TASK TO COMPLETE — Repeat exactly, and only, the lines below starting at the line that contains "SWAG Soporte Motor" and ending at the line that contains "Imagen 1 de", inclusive of both.

=== Section Start ===

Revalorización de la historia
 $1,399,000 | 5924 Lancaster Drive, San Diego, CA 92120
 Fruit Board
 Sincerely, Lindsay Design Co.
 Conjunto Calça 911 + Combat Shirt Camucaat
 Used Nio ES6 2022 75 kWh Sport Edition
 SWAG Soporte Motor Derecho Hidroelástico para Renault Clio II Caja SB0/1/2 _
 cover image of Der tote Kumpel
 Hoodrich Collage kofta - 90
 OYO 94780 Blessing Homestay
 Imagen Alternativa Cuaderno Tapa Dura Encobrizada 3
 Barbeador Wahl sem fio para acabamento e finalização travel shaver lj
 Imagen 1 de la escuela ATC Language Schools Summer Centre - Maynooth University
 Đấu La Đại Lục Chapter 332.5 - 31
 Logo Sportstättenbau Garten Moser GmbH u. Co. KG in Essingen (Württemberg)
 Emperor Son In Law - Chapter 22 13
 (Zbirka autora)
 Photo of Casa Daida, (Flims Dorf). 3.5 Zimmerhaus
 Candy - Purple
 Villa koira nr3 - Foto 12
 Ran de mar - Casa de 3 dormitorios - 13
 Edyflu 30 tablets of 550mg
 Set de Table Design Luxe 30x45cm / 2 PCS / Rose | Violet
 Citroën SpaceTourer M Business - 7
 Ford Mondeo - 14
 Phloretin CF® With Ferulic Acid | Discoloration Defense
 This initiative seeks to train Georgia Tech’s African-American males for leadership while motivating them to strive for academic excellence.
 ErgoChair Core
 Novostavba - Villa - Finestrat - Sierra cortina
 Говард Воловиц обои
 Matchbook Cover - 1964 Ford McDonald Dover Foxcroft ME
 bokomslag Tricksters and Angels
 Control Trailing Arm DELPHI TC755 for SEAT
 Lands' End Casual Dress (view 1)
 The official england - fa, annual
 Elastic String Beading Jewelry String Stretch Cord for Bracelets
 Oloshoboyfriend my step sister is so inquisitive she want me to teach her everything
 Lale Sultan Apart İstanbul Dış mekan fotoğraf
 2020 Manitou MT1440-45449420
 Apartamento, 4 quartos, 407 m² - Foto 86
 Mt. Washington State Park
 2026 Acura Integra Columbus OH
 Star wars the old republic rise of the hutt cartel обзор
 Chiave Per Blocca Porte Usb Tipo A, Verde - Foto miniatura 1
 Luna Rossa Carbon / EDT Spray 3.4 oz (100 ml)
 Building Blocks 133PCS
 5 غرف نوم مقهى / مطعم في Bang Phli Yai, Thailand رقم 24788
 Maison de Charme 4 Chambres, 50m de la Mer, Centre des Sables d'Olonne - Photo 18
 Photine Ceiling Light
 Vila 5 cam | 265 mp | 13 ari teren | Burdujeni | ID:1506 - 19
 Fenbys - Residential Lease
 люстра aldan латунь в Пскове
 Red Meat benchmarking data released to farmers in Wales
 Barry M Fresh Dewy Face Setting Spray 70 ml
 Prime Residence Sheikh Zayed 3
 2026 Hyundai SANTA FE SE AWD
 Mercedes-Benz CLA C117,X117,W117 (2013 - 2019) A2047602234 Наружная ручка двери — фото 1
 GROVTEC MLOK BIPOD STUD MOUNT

=== Section End ===

SOLUTION FOR THIS PROBLEM —
 SWAG Soporte Motor Derecho Hidroelástico para Renault Clio II Caja SB0/1/2 _
 cover image of Der tote Kumpel
 Hoodrich Collage kofta - 90
 OYO 94780 Blessing Homestay
 Imagen Alternativa Cuaderno Tapa Dura Encobrizada 3
 Barbeador Wahl sem fio para acabamento e finalização travel shaver lj
 Imagen 1 de la escuela ATC Language Schools Summer Centre - Maynooth University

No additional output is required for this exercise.